In a 1999 article in the Journal of Church and State, John Witte, Jr. offers a neat typology of forms of religious establishment. “Institutional” establishment involved the diversion of tax funds to support the clergy and religious activity. This form of establishment existed in a number of states into the 19th century, and it was the form of establishment that was most contentious during the era of the founding. John Adams’s religious article for the Massachusetts Constitution of 1780 required tithes for the support of worship and religious education, and new churches needed to go through a legal application to gain recognition. But the tithes were voluntary, local, and ministers could be paid directly by their congregants in any case. Both the governor and lieutenant governor had to swear an anti-Catholic oath when taking office. Even this comparatively loose form of institutional establishment was, however, ultimately rejected.
But that doesn’t mean, Witte argues, that there was no religious establishment in America.
“Ceremonial” establishment still existed, and still exists: Presidents still swear the oath of office in the name of God, placing their hand on a Bible, and Presidents and Presidential candidates observe the informal ritual of ending speeches with “God bless the United States of America.” Further, the US continued to have a “moral” establishment in that the moral demands of Protestant Christianity were embodied in and encouraged by American law.
This scheme is exceedingly helpful for historical purposes. What can sound like contradictory statements from the Founders regarding public religion are clarified when we recognize that they more often opposed institutional than ceremonial or moral establishment.
This scheme also helps us discern the shape of the American religious establishment today.
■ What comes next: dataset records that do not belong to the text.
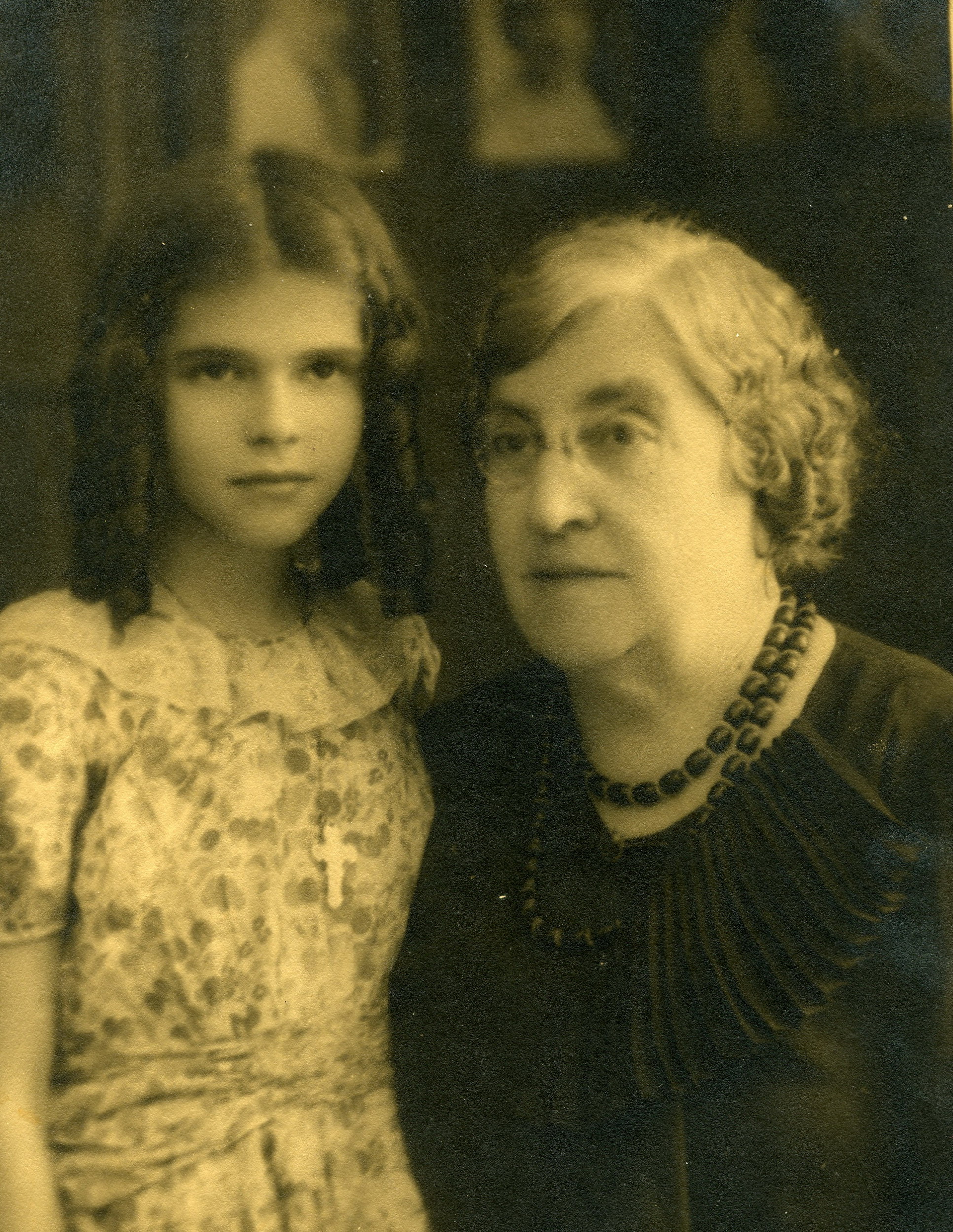 Katia, hija de Catalina con Nicolasa, madre de Catalina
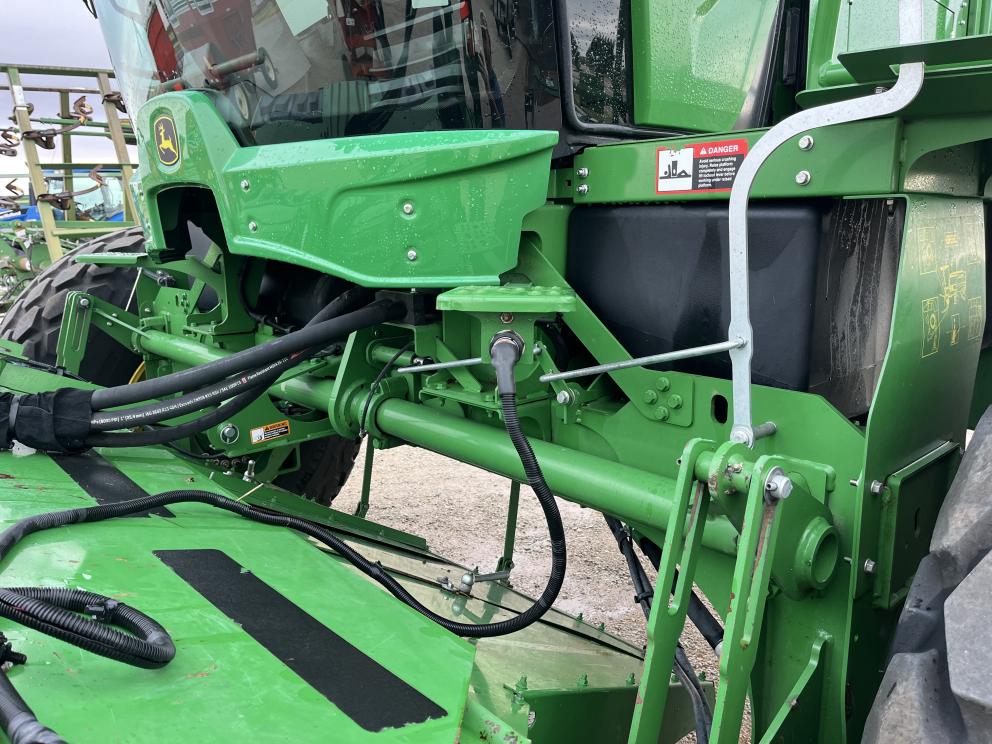 Image for 2022 John Deere W235R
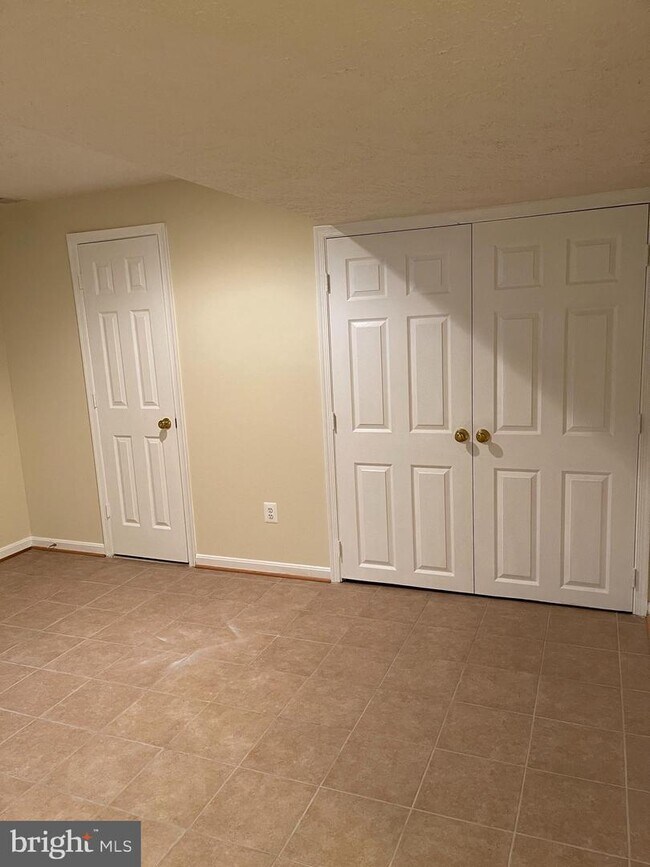 Building Photo - 5693 Sherborne Knolls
Institutional establishment is long gone. Ceremonial establishment remains in many respects, though it is eroding and sometimes is explicitly attacked. Moral establishment has deteriorated for the past century or more, and the deterioration became rapid and legally institutionalized in the aftermath of Roe v. Wade.
Today’s culture wars are being fought primarily in this last arena of moral establishment, though the public battles are often in the arena of ceremonial establishment (cf. Roy Moore’s Ten Commandments battle). No one seriously proposes an institutional establishment, though the terrifying specter of Christian Muftis issuing fatwas is often raised.